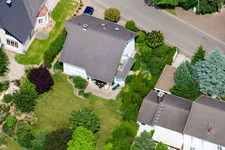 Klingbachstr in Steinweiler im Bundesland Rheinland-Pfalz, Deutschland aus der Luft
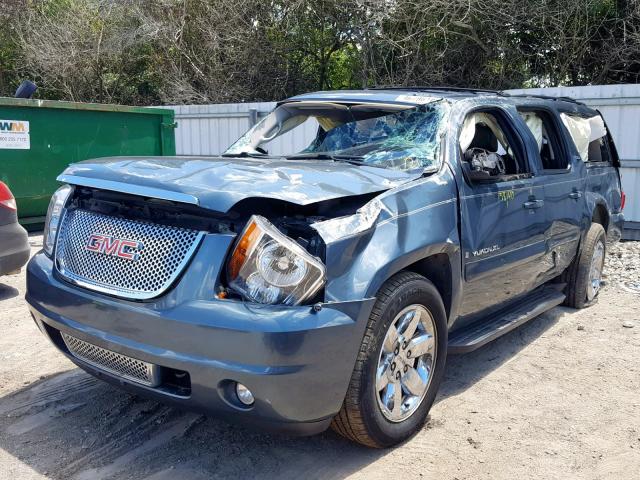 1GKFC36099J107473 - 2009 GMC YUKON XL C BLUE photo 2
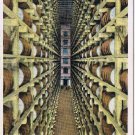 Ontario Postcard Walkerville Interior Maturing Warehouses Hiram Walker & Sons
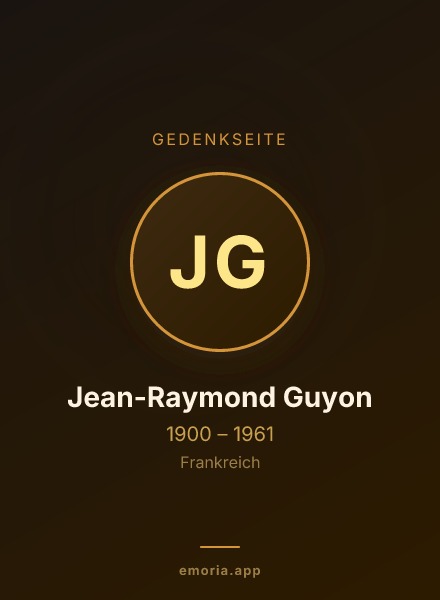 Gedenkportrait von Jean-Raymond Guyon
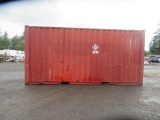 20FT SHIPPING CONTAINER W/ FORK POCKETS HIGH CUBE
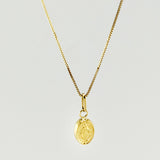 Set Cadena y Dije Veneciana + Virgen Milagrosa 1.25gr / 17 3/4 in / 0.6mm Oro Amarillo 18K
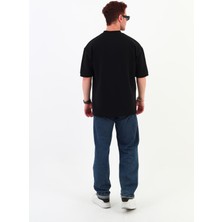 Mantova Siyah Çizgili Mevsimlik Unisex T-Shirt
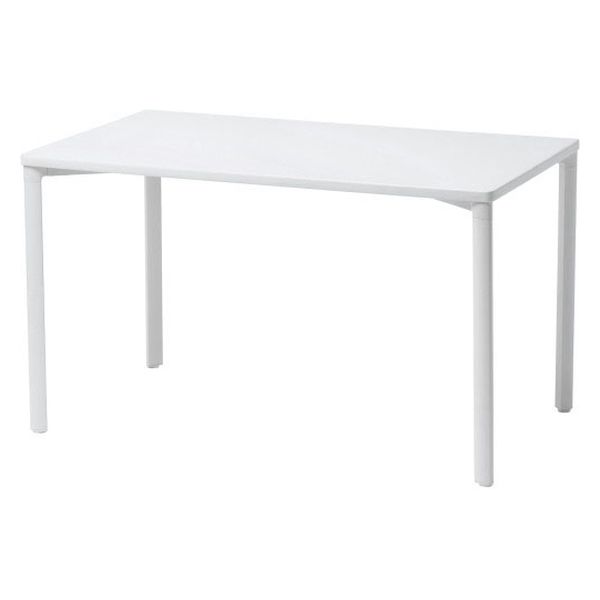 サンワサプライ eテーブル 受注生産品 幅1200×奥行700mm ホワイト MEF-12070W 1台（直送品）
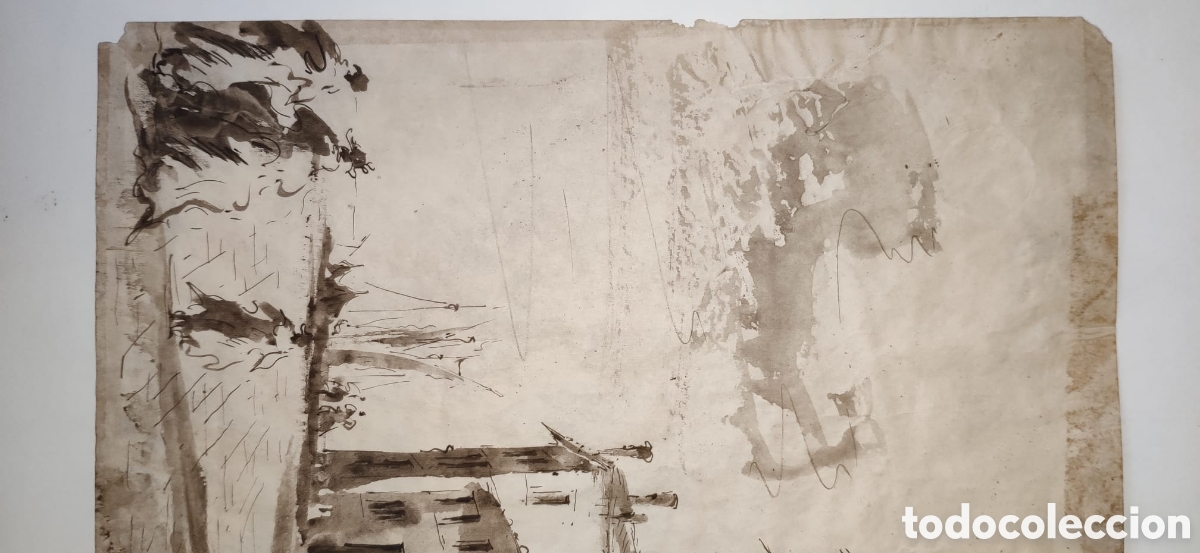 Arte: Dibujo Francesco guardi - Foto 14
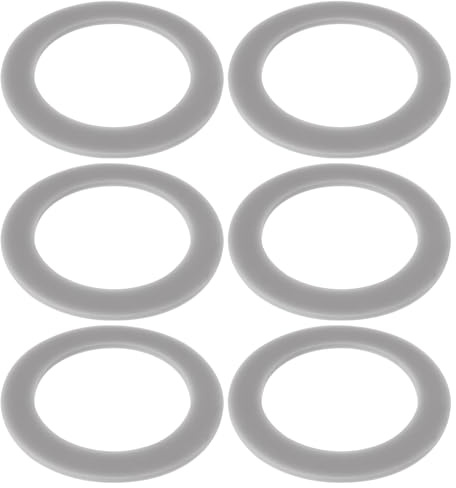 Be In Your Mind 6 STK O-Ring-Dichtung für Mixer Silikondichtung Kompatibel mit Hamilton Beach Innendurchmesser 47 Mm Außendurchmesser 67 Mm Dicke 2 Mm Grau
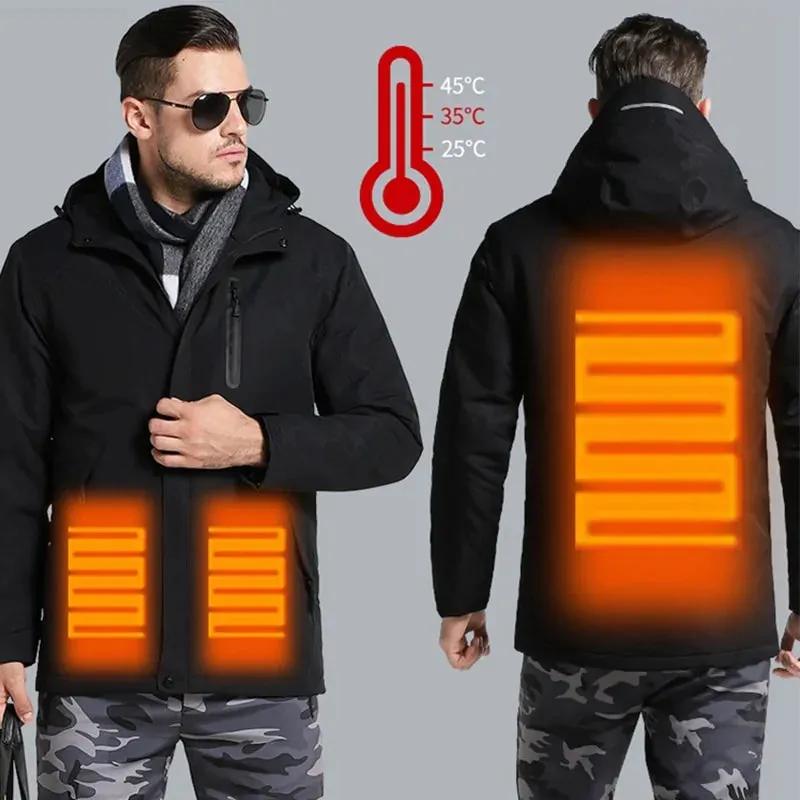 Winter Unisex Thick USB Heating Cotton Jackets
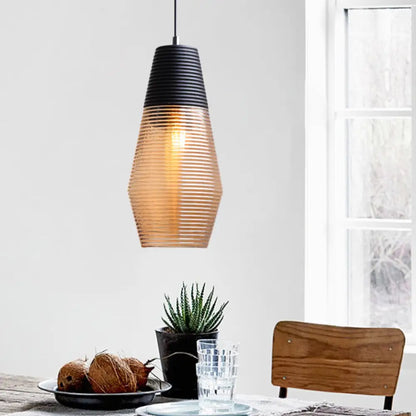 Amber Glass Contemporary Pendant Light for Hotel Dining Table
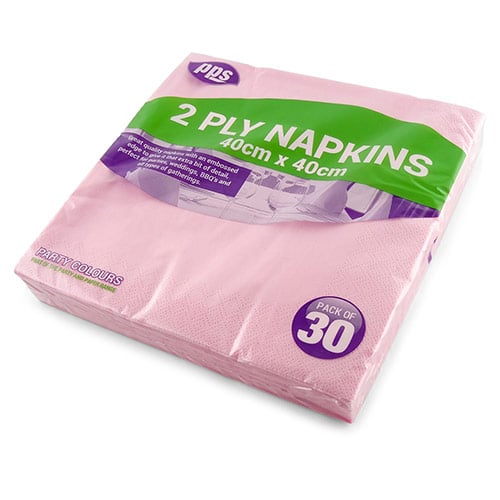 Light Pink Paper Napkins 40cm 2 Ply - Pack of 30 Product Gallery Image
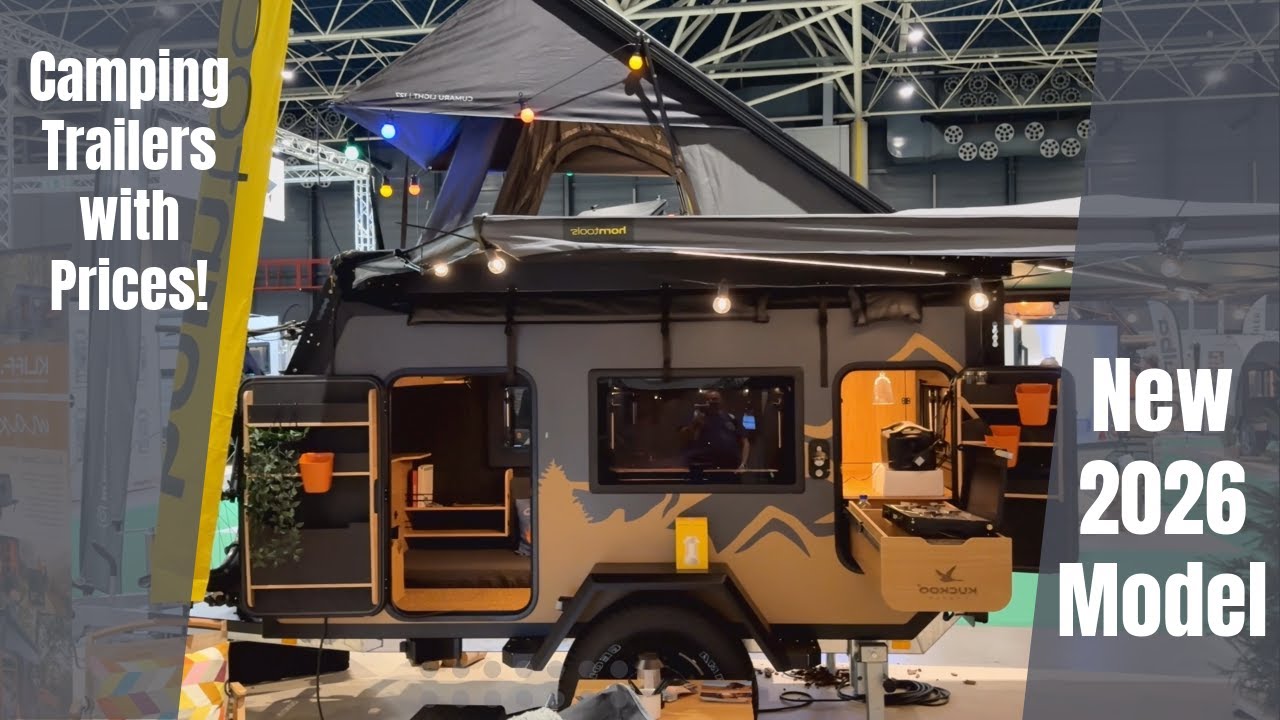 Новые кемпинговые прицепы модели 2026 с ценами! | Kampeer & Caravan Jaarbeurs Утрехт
+++++
● **Assignment**: Skip the pictures, then retype every line above exactly.

● **Response area**:
 Klingbachstr in Steinweiler im Bundesland Rheinland-Pfalz, Deutschland aus der Luft
 1GKFC36099J107473 - 2009 GMC YUKON XL C BLUE photo 2
 Ontario Postcard Walkerville Interior Maturing Warehouses Hiram Walker & Sons
 Gedenkportrait von Jean-Raymond Guyon
 20FT SHIPPING CONTAINER W/ FORK POCKETS HIGH CUBE
 Set Cadena y Dije Veneciana + Virgen Milagrosa 1.25gr / 17 3/4 in / 0.6mm Oro Amarillo 18K
 Mantova Siyah Çizgili Mevsimlik Unisex T-Shirt
 サンワサプライ eテーブル 受注生産品 幅1200×奥行700mm ホワイト MEF-12070W 1台（直送品）
 Arte: Dibujo Francesco guardi - Foto 14
 Be In Your Mind 6 STK O-Ring-Dichtung für Mixer Silikondichtung Kompatibel mit Hamilton Beach Innendurchmesser 47 Mm Außendurchmesser 67 Mm Dicke 2 Mm Grau
 Winter Unisex Thick USB Heating Cotton Jackets
 Amber Glass Contemporary Pendant Light for Hotel Dining Table
 Light Pink Paper Napkins 40cm 2 Ply - Pack of 30 Product Gallery Image
 Новые кемпинговые прицепы модели 2026 с ценами! | Kampeer & Caravan Jaarbeurs Утрехт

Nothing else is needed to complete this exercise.